:: Data section

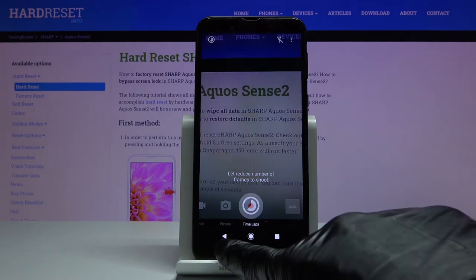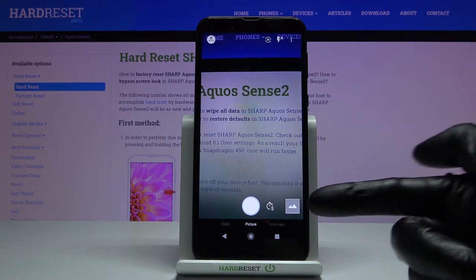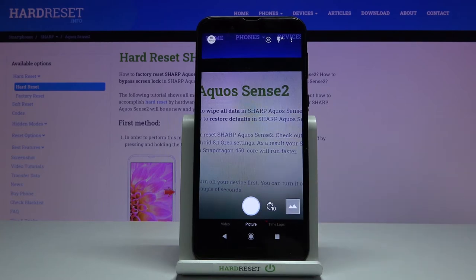Tap on it once and as you can see now we've got a five seconds delay, and if you tap twice we will have a ten seconds delay.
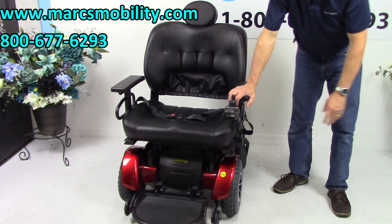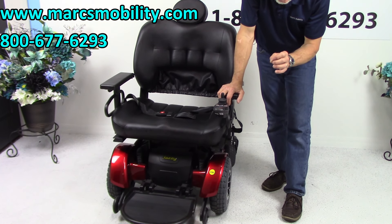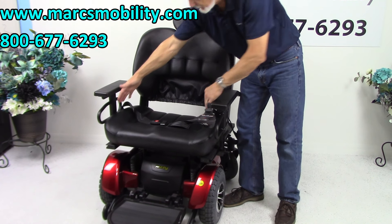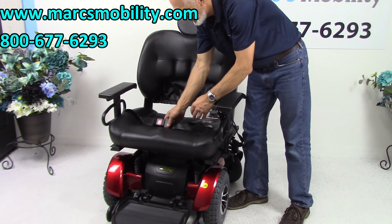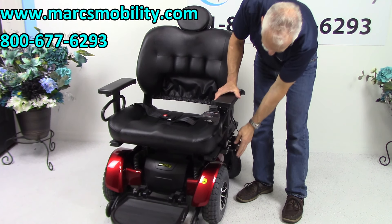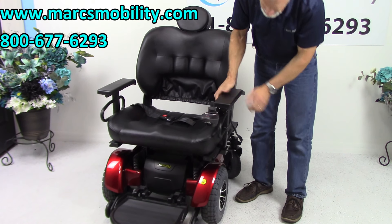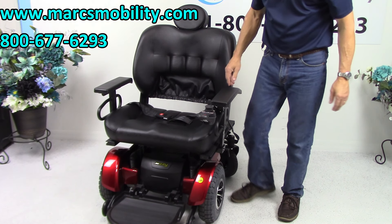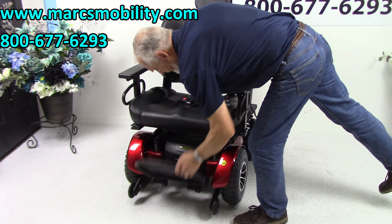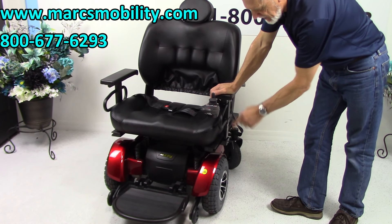To recap: this is a heavy-duty power chair with a 600 to 650-pound weight capability. It's the Jazzy 1450 with a 26 by 20 seat, a safety belt, and solid arms that can be removed if you need to enter from the side. Joystick is on the left but can be moved to the right. Flip-up footplate. Heavy-duty solid tires and heavy-duty motors. A powerful chair with an extra-large seat.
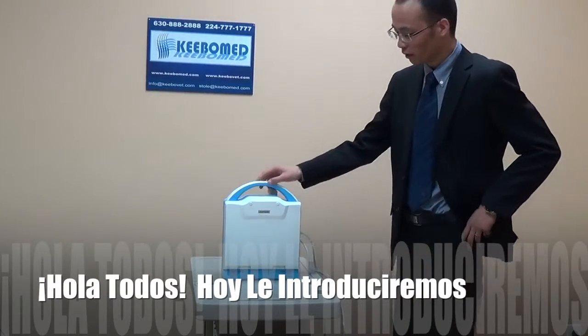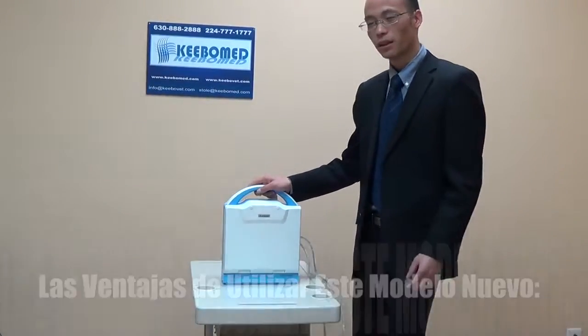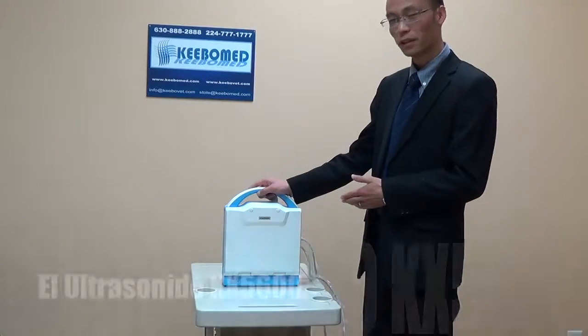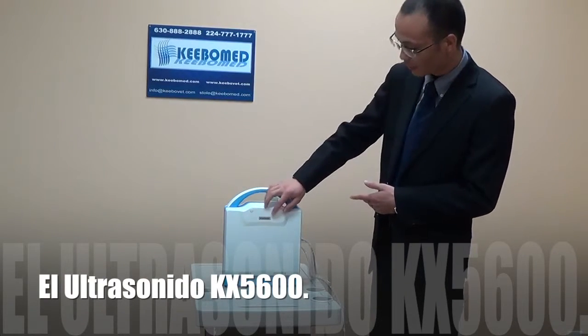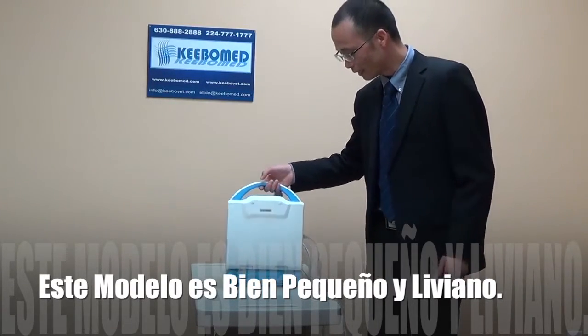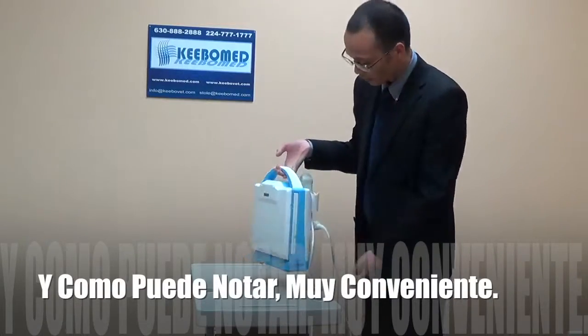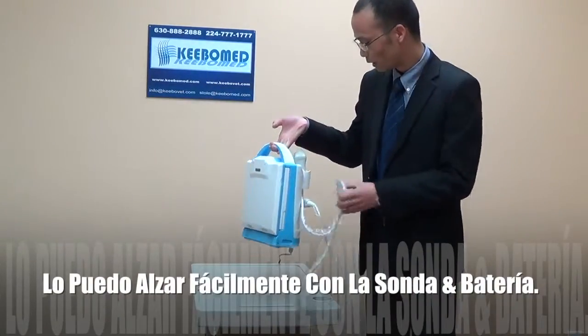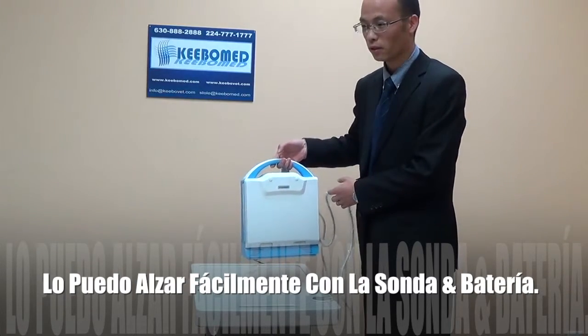Hello everybody. I will introduce the advantages of this new model, KX5600. This model is very small and very light, very convenient. As you can see, I can pick it very easily, including the probe and the battery. It is just 10 pounds.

::::

- _What you should do_
Could you reproduce the listing above exactly and drop every picture?

- _Your response_
Tap on it once and as you can see now we've got a five seconds delay, and if you tap twice we will have a ten seconds delay.
To recap: this is a heavy-duty power chair with a 600 to 650-pound weight capability. It's the Jazzy 1450 with a 26 by 20 seat, a safety belt, and solid arms that can be removed if you need to enter from the side. Joystick is on the left but can be moved to the right. Flip-up footplate. Heavy-duty solid tires and heavy-duty motors. A powerful chair with an extra-large seat.
Hello everybody. I will introduce the advantages of this new model, KX5600. This model is very small and very light, very convenient. As you can see, I can pick it very easily, including the probe and the battery. It is just 10 pounds.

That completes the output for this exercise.